## WHAT IS REQUIRED
Here are some entries. Repeat all of them exactly.

## LISTED ENTRIES

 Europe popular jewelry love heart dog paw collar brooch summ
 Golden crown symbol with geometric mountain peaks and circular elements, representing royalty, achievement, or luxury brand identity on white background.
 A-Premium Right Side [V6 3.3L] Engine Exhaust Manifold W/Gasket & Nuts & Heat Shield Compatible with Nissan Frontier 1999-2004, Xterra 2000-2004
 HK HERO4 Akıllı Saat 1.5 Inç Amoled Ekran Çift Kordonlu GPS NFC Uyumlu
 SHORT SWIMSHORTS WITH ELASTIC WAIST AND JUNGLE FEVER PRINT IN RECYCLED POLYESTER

## OUTPUT BELOW
 Europe popular jewelry love heart dog paw collar brooch summ
 Golden crown symbol with geometric mountain peaks and circular elements, representing royalty, achievement, or luxury brand identity on white background.
 A-Premium Right Side [V6 3.3L] Engine Exhaust Manifold W/Gasket & Nuts & Heat Shield Compatible with Nissan Frontier 1999-2004, Xterra 2000-2004
 HK HERO4 Akıllı Saat 1.5 Inç Amoled Ekran Çift Kordonlu GPS NFC Uyumlu
 SHORT SWIMSHORTS WITH ELASTIC WAIST AND JUNGLE FEVER PRINT IN RECYCLED POLYESTER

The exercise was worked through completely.